Segundo o ex-primeiro-ministro, depois de Cavaco Silva se ter recusado desmentir a notícia das escutas que "sabia ser falsa", Sócrates insistiu: "A notícia das escutas era pessoalmente ofensiva e, estando o país em campanha eleitoral, tinha provocado sérios prejuízos ao Partido Socialista, podendo ter sido evitados se o Sr. Presidente da República a tivesse desmentido. Agastado, o Senhor Presidente entendeu lembrar-me que estava a falar com o Presidente da República. Respondi que nunca me esquecia disso, mas que estava ali a falar-lhe como primeiro-ministro, eleito democraticamente e contra o qual se tinha lançado uma falsa e maldosa campanha para que perdesse as eleições. A conversa ficou por aí."
Mais tarde, diz Sócrates, "soube-se a verdade", através de um e-mail que "permitiu saber que tais notícias tinham sido transmitidas a um jornalista pelo principal assessor de imprensa do Senhor Presidente da República". Quando o assessor, Fernando Lima, publicou as suas memórias, confirma a situação, escrevendo "Recebi uma indicação superior para o fazer", recorda.
Assim, "custa acreditar na perfídia que a recente versão do livro contem", afirma Sócrates, citando um excerto onde é dito que as notícias sobre as escutas teriam sido intencionalmente colocadas na imprensa pela "tenebrosa máquina de propaganda do PS" para afectar a credibilidade do Presidente.

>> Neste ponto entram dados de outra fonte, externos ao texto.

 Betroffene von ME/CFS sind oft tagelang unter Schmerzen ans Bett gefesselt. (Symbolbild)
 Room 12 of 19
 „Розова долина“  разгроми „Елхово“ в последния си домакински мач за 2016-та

No livro, Cavaco Silva descreve o antigo primeiro-ministro, dizendo que "sabia que o fingimento era uma das suas características", critica a sua "tendência arrogante e agressiva face à oposição" e acusa-o de ter "grande dificuldade em se adaptar à perda da maioria absoluta".
"Nunca nenhum Presidente ou primeiro-ministro relatou as conversas tidas entre ambos enquanto exerceram funções. Há boas razões para isso, que vão da boa educação até ao necessário sentido de Estado. A avaliar pelos relatos públicos e bem vistas as coisas, o livro agora publicado é um auto-retrato perfeito das consequências que o ressentimento pode ter no carácter de um político", responde Sócrates.

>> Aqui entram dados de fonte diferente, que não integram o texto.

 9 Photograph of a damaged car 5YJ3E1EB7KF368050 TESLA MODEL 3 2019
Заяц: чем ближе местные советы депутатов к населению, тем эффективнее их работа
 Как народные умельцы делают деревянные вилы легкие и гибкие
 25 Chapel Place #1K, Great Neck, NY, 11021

O antigo líder do governo termina a carta dizendo que "a única preocupação do Sr. Presidente era aquela que revelou na noite da sua reeleição: vingança e desforra" e que o seu discurso de tomada de posse "foi o sinal de que a direita precisava para atirar o governo abaixo e provocar eleições".
"Na Assembleia da República, e pela primeira vez na história democrática, chumbou-se um acordo e um compromisso com as instituições europeias que um governo legítimo tinha conseguido para que o país não fosse forçado a pedir ajuda externa. O Presidente da República de então não tem moral para dar lições de lealdade institucional. Na crise política de 2011, ele sempre foi a mão por detrás dos arbustos", conclui.